O contraste com outros gigantes europeus é gritante. Enquanto Manchester City e Real Madrid fazem rotações constantes em seus elencos, mantendo jogadores frescos para momentos decisivos, o Porto depende excessivamente de seus titulares. O resultado aparece nos 15 minutos finais dos jogos, quando a intensidade despenca e os adversários aproveitam.
Contra o Famalicão, na última rodada, o empate por 1 a 1 veio após o Porto abrir 1 a 0 aos 40 minutos do segundo tempo, mas sofrer o empate nos acréscimos. Um padrão que se repete: começar bem, cansar no final, perder pontos cruciais.
Calendário europeu acelera desgaste
A participação na Liga dos Campeões e na Taça de Portugal criou um calendário sufocante. Entre janeiro e março, o Porto disputará 14 jogos em 72 dias — uma partida a cada 5,1 dias. Para um elenco com limitações na rotação, é uma equação impossível de resolver sem consequências físicas.
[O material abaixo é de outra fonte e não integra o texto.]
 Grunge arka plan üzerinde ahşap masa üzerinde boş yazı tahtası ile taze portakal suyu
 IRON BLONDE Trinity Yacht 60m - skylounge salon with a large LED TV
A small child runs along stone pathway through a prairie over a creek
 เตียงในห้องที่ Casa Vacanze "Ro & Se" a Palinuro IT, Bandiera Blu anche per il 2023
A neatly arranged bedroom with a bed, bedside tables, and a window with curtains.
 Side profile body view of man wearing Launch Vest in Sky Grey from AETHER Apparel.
Os dados médicos revelam o cenário: cinco jogadores do elenco principal apresentaram problemas musculares nas últimas oito semanas. Lesões que não impedem de jogar, mas reduzem o rendimento e aumentam o risco de contusões mais graves. É o preço de manter os mesmos nomes em campo semana após semana.
Comparando com a primeira volta, quando o time teve mais tempo para descansar entre jogos, a diferença é evidente. Naquele período, a média de sprints por partida era de 847. Na segunda volta, despencou para 721 — uma queda de 15% que se reflete diretamente nos resultados.
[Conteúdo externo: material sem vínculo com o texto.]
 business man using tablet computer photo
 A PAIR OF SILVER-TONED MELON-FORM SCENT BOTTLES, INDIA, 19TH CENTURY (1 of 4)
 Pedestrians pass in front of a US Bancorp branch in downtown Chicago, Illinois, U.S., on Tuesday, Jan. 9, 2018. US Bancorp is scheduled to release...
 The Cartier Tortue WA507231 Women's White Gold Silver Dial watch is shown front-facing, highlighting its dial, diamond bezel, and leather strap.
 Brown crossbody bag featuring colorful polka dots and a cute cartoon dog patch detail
Sinais de alerta nos números defensivos
A tensão nos treinos é palpável quando se observa os números defensivos. Na primeira volta, o Porto sofreu 0,47 gols por jogo. Na segunda metade, essa média subiu para 0,91 — quase o dobro. Não é coincidência: jogadores cansados cometem mais erros, perdem mais divididas e demoram para se reposicionar.
Pepe, aos 41 anos, acumula 2.156 minutos nesta temporada — números impressionantes para um zagueiro da sua idade, mas que demonstram a dependência excessiva do Porto em relação aos seus veteranos. Quando o ritmo aumenta nos 30 minutos finais, a experiência não compensa completamente o desgaste físico acumulado.
O meio-campo também sente o peso. Otávio e Pepê, pilares do sistema ofensivo, apresentam queda na precisão dos passes nos momentos decisivos dos jogos. Na primeira volta, a dupla mantinha 89% de acerto. Agora, esse número caiu para 84% — diferença pequena no papel, gigantesca na prática.
Liderança em risco por gestão física
Apesar dos nove pontos perdidos, o Porto ainda lidera o campeonato com três pontos de vantagem sobre o Sporting. Mas os sinais de alerta estão acesos. Com a fase eliminatória da Champions League se aproximando e a Taça de Portugal ainda em disputa, o calendário não dará trégua.
A solução passa pela coragem de rodar o elenco em jogos menos decisivos, mesmo correndo o risco de resultados inesperados. Jogadores como Francisco Conceição e André Franco precisam ganhar mais minutos para aliviar a sobrecarga dos titulares. É uma aposta no futuro próximo em detrimento da segurança imediata.
O próximo teste será contra o Braga, no sábado, às 20h30, no Estádio do Dragão. Uma oportunidade de ouro para Sérgio Conceição implementar mudanças no onze inicial e dar fôlego novo ao elenco antes dos compromissos europeus que definirão a temporada.